Facciamo un passo indietro così da ragionare meglio sul concetto di morte e scegliere consapevolmente se reputare la donazione degli organi un atto di carità o sacrificio allo sviluppo del business della chirurgia sostitutiva degli organi, come invece sostiene la Lega Antipredazione.

Lo sviluppo della trapiantistica ha suggerito la definizione di morte cerebrale, nel 1968: accade quando l’encefalo è irreversibilmente compromesso e le fondamentali funzioni di cui si occupa (circolazione, temperatura corporea, respirazione…), vengono meno. Immaginiamo il solito incidente stradale di cui ho parlato spesso e che temo tutte le volte che salgo in sella: se un ragazzo rimane vittima, potrebbe ritrovarsi nella condizione in cui il cervello è irreversibilmente morto, poi vedremo anche come si decreta questo stato, ma comunque attaccato a una macchina che gli permette di respirare e al cuore di battere.

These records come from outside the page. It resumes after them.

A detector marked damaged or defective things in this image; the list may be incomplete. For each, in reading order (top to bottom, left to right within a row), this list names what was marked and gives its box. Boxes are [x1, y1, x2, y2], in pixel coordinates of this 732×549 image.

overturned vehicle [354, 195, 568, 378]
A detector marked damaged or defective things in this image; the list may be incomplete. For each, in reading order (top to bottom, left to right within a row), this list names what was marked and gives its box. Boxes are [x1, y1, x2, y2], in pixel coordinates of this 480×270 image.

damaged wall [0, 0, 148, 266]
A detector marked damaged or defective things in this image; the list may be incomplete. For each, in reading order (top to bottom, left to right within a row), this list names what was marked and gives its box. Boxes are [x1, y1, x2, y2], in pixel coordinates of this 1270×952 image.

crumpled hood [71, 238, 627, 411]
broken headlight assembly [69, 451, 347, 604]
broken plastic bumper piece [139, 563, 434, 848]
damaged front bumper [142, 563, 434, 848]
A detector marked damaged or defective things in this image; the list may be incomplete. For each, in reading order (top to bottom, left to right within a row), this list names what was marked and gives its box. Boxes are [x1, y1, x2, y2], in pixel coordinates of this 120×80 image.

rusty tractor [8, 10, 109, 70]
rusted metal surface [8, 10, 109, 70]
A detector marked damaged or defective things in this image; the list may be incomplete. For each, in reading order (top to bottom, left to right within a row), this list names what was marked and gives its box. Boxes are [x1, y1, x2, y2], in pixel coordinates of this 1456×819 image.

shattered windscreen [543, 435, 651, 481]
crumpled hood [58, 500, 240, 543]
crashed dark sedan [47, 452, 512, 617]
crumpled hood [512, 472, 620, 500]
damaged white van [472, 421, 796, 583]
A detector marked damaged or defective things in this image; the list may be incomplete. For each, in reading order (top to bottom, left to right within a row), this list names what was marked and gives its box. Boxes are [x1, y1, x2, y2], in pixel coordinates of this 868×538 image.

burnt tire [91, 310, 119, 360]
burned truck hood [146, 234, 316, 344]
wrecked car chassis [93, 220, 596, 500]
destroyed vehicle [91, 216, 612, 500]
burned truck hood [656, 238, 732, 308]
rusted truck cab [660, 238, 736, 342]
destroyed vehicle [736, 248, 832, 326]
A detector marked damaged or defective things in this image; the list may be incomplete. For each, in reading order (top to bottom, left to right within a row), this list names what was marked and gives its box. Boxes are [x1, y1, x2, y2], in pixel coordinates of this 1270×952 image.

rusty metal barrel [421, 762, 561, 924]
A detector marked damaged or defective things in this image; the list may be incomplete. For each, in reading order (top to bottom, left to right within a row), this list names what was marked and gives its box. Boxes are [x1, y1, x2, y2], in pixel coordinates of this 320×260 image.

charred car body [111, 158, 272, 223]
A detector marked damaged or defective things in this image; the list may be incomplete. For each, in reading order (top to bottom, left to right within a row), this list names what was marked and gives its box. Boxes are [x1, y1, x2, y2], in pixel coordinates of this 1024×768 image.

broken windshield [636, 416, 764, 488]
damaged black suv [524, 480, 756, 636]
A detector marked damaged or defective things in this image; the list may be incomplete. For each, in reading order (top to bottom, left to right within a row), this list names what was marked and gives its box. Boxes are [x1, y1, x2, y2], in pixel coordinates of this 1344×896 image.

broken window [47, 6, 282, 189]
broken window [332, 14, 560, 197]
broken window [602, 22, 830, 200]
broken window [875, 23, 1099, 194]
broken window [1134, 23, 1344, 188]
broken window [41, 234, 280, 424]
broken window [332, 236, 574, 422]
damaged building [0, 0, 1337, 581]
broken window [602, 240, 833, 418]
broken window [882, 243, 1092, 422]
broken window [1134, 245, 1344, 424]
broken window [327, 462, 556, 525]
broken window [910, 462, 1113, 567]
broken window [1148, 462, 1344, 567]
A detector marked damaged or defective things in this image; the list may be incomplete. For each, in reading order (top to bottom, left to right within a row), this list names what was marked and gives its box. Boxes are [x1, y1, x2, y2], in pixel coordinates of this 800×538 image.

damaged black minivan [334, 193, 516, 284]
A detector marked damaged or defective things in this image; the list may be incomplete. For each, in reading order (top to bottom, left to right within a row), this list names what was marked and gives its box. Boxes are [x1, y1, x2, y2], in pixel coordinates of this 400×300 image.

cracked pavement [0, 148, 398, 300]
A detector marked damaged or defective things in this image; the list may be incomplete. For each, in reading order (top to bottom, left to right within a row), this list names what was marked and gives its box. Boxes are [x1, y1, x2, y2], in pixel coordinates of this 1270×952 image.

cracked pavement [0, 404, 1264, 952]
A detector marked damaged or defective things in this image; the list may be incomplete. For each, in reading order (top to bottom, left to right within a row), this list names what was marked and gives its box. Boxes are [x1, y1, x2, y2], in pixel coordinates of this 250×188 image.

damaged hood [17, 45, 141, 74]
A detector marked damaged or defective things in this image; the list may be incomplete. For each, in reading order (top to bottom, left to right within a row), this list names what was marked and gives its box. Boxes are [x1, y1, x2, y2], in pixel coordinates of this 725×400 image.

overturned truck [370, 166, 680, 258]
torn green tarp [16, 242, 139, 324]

In questo caso, il ragazzo non è in coma, quindi a uno stadio reversibile, ma il suo cervello non è più in grado di fargli provare stimoli, controllare i muscoli involontari, ragionare, permettergli di muoversi. Insomma, il ragazzo non c’è più e solo la macchina è in grado di tenere in vita il suo corpo. Non lui come essere umano: infatti, esso viene ventilato in modo da preservare gli organi interni per un possibile prelievo e mantenerli irrorati di sangue. Il ragazzo, però, potrebbe restare in quello stato potenzialmente in eterno, poiché il cervello non è più in grado di controllare alcuna funzione del corpo.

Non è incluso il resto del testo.